Il convient ici de revenir en arrière afin d’examiner la trajectoire publique de Karim Wade pour tenter d’en comprendre le sens.

Avant 2002 - Dans la notice biographique que propose le site officiel du ministère dirigé par Karim Wade , (1) il est précisé que celui-ci « a travaillé pendant une dizaine d'années dans le département "Corporate Finance" de la Banque d'Affaires "UBS Warburg" à Londres en qualité de Directeur Associé » . (2) Plus loin, le lecteur apprend également ceci : « En 2002, Karim Wade abandonne une carrière très prometteuse de banquier pour mettre son expertise au service de son pays ». Or, Karim Wade a obtenu un DESS en ingénierie financière en 1995, à la suite d’un mémoire cosigné avec sa sœur , (3) de quatre ans sa cadette, ce qui ne lasse pas d’étonner les amis de l’Université.

Selon l’information officielle, il faut donc comprendre que M. Wade était employé chez UBS Warburg, comme Directeur Associé, au moins trois ans avant l’obtention de son diplôme principal, ce qui est en tous points remarquable. Malheureusement, aucun curriculum vitae n’est à ce jour disponible pour éclairer, avec précision, le parcours du brillant esprit, de 1995 à 2002, pour être indulgent. Les difficultés de l’héritier avec sa propre biographie commencent donc très tôt. Un tropisme familial (4) sans doute. Cette imprudence grossière va signer le rapport au peuple sénégalais d’un homme devenu public dans le sillage de son père, en ayant choisi de nier ses propres vulnérabilités par une fuite en avant.

2002 - Arrivée officielle de Karim Wade à la présidence de la République, comme Conseiller chargé de la mise en œuvre des « grands projets ».

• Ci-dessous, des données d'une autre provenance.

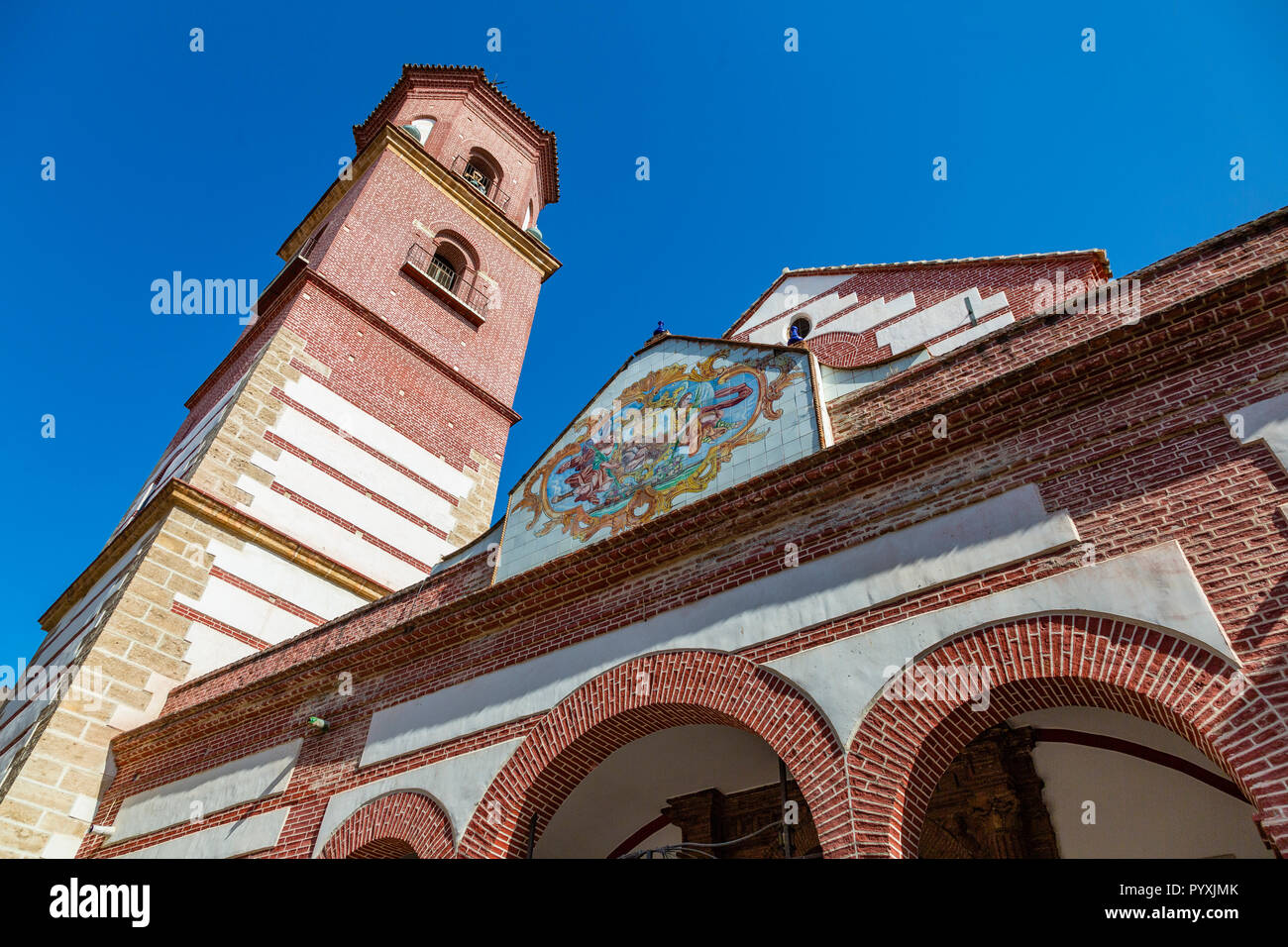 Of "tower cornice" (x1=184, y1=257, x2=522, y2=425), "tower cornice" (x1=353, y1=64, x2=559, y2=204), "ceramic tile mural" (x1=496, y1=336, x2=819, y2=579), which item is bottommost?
"ceramic tile mural" (x1=496, y1=336, x2=819, y2=579)

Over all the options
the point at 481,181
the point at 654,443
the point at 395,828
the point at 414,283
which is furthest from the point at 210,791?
the point at 481,181

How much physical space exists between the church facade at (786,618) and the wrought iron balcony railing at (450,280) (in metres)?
4.88

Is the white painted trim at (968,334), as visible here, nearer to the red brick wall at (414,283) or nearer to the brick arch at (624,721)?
the brick arch at (624,721)

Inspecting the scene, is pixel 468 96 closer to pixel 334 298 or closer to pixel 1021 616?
pixel 334 298

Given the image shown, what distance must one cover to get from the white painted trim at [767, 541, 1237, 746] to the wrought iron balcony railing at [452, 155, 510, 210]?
17634 millimetres

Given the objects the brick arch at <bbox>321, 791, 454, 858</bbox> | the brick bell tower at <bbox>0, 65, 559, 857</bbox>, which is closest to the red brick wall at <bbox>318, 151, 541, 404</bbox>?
the brick bell tower at <bbox>0, 65, 559, 857</bbox>

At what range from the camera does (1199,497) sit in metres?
5.26

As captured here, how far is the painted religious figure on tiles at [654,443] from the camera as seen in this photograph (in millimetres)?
8117

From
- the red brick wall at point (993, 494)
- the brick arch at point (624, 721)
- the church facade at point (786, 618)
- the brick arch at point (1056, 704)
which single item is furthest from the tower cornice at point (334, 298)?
the brick arch at point (1056, 704)

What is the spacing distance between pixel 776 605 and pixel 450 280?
1509 cm

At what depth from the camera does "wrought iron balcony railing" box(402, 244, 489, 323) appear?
59.8ft

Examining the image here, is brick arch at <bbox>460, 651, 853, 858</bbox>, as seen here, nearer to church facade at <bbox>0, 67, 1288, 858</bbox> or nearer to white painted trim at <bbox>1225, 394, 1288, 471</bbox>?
church facade at <bbox>0, 67, 1288, 858</bbox>

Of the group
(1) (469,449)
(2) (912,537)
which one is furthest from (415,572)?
(2) (912,537)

2004 - Nomination au poste de président de Agence nationale de l'Organisation de la conférence islamique (ANOCI) avec pour mission de préparer et d'organiser le onzième sommet de l'OCI , (5) en remplacement du ministre des Affaires étrangères, pourtant le plus indiqué avec ses services pour assurer la tutelle directe d’un évènement diplomatique de cette ampleur . (6) De mauvais esprits voient alors dans cette nomination, la volonté du chef de l’Etat d’offrir à son fils, grâce aux nombreux travaux d’infrastructures prévus dans Dakar et aux financements subséquents, une vitrine et des moyens pour accéder à la mairie de Dakar, préalable à un plus ambitieux destin . (7)

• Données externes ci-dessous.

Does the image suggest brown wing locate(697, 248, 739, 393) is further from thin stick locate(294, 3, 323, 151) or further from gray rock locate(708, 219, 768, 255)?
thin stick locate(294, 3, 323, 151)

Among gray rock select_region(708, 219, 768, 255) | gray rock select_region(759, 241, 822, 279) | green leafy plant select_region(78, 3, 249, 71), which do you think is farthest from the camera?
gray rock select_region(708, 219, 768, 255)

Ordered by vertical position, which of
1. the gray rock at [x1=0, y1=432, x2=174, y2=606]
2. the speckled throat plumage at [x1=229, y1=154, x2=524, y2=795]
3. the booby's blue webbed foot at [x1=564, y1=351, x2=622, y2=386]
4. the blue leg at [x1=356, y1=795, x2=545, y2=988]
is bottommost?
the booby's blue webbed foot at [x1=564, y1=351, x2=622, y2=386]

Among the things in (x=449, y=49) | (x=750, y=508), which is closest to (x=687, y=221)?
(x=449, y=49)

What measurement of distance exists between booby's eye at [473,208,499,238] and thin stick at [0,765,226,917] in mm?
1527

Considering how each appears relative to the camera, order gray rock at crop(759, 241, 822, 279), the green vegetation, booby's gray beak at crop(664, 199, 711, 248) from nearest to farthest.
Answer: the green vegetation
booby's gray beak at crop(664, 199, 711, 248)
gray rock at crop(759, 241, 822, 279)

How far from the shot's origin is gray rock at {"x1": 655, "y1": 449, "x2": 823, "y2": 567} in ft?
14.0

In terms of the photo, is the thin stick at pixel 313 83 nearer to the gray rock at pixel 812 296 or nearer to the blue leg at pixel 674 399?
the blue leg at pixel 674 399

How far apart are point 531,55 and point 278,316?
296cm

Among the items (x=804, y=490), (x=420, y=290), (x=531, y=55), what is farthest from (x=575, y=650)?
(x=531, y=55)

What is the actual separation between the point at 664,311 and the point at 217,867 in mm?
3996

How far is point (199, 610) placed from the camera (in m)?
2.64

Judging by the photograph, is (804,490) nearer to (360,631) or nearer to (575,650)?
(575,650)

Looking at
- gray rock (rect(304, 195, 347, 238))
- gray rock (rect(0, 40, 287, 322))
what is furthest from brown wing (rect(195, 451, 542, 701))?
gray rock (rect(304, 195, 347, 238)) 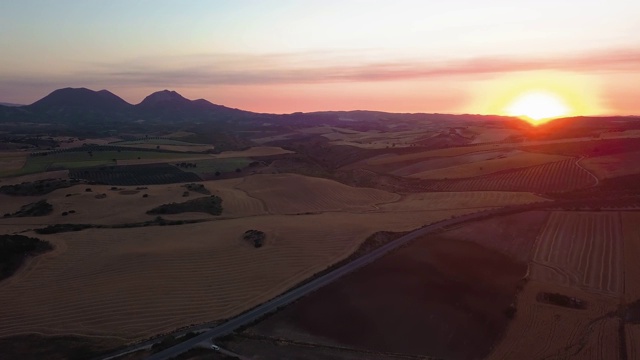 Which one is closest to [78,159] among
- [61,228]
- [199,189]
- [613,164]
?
[199,189]

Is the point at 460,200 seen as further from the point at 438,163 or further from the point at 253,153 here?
the point at 253,153

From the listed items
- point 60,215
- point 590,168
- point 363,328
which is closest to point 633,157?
point 590,168

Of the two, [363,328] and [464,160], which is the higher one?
[464,160]

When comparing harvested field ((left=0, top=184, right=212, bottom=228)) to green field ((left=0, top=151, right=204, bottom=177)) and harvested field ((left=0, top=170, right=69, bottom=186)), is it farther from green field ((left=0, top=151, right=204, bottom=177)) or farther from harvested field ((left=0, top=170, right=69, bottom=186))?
green field ((left=0, top=151, right=204, bottom=177))

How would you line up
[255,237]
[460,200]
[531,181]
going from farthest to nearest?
[531,181]
[460,200]
[255,237]

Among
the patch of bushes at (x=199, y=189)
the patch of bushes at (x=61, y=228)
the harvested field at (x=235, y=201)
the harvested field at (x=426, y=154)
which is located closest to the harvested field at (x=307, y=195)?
the harvested field at (x=235, y=201)

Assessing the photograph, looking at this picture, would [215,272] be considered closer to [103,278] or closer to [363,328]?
[103,278]

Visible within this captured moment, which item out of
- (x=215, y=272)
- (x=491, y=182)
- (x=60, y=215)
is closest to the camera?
(x=215, y=272)

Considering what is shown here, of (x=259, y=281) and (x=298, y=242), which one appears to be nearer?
(x=259, y=281) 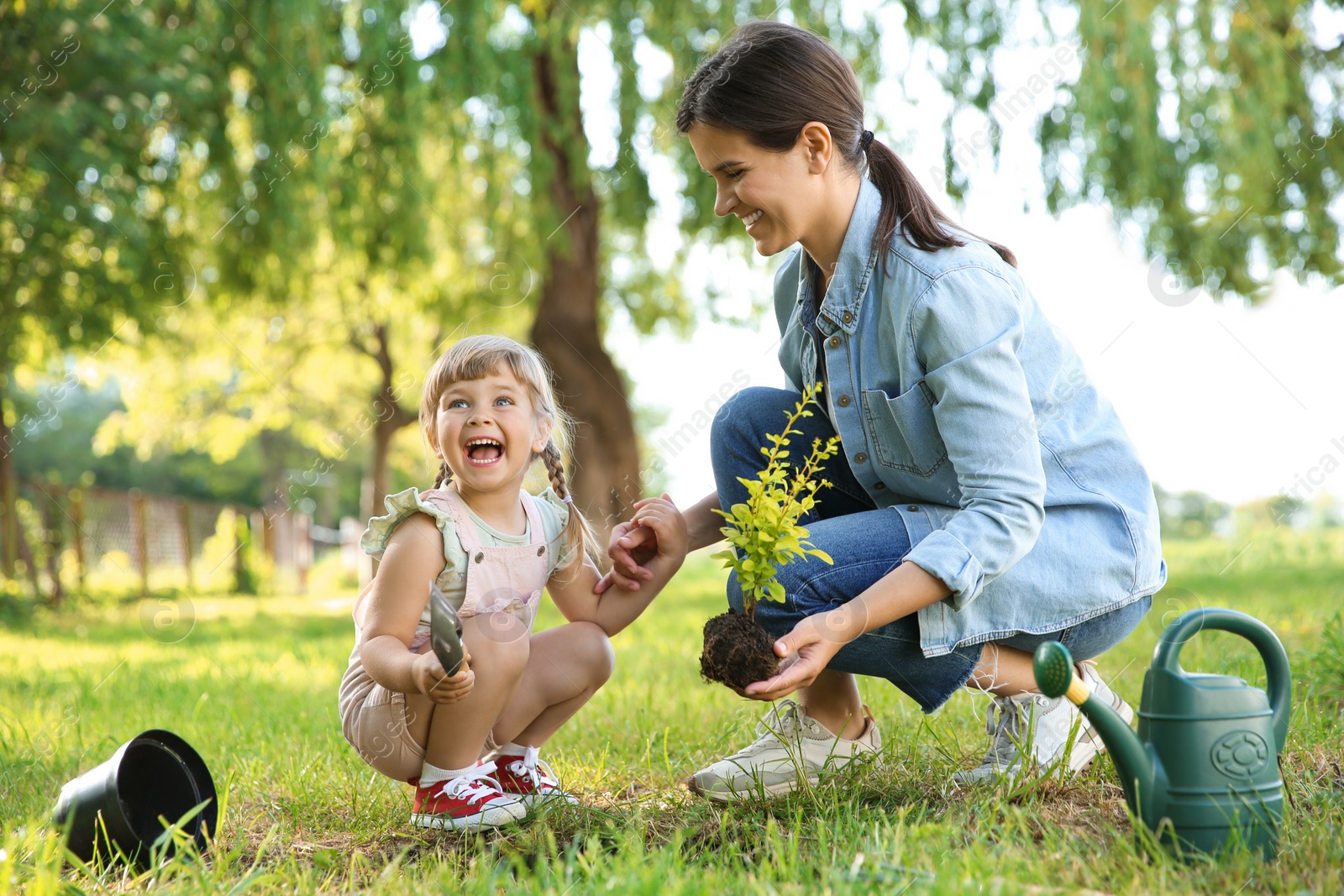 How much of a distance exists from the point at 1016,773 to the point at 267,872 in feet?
4.45

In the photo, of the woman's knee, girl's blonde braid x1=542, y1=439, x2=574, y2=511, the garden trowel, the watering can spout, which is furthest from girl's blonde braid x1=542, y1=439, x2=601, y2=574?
the watering can spout

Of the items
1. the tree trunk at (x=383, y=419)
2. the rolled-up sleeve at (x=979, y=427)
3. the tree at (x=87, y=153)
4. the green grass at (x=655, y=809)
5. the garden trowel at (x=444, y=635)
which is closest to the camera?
the green grass at (x=655, y=809)

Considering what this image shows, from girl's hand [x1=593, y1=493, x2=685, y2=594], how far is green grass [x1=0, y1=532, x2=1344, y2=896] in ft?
1.49

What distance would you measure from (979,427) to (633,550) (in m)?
0.84

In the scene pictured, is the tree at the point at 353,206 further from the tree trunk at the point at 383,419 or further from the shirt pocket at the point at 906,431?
the shirt pocket at the point at 906,431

2006 – Création, avec Abdoulaye Baldé, de l'association « Génération du concret », mouvement politique au sein du Parti démocratique sénégalais, marquant l’entrée formelle sur la scène politique nationale du fils du chef de l’Etat. Il est essentiel de noter ici que si la langue officielle du Sénégal est le français, Karim Wade est alors incapable de s’exprimer publiquement en Wolof , (8) langue majoritaire dans les faits, comptant de loin le plus grand nombre de locuteurs dans toutes les régions du pays. Sa parole politique devra par conséquent être portée par d’autres pour toucher le plus grand nombre, et son écho lui être traduit pour en comprendre l’essence. Dans un pays connu pour son amour du verbe, cette situation est incompréhensible.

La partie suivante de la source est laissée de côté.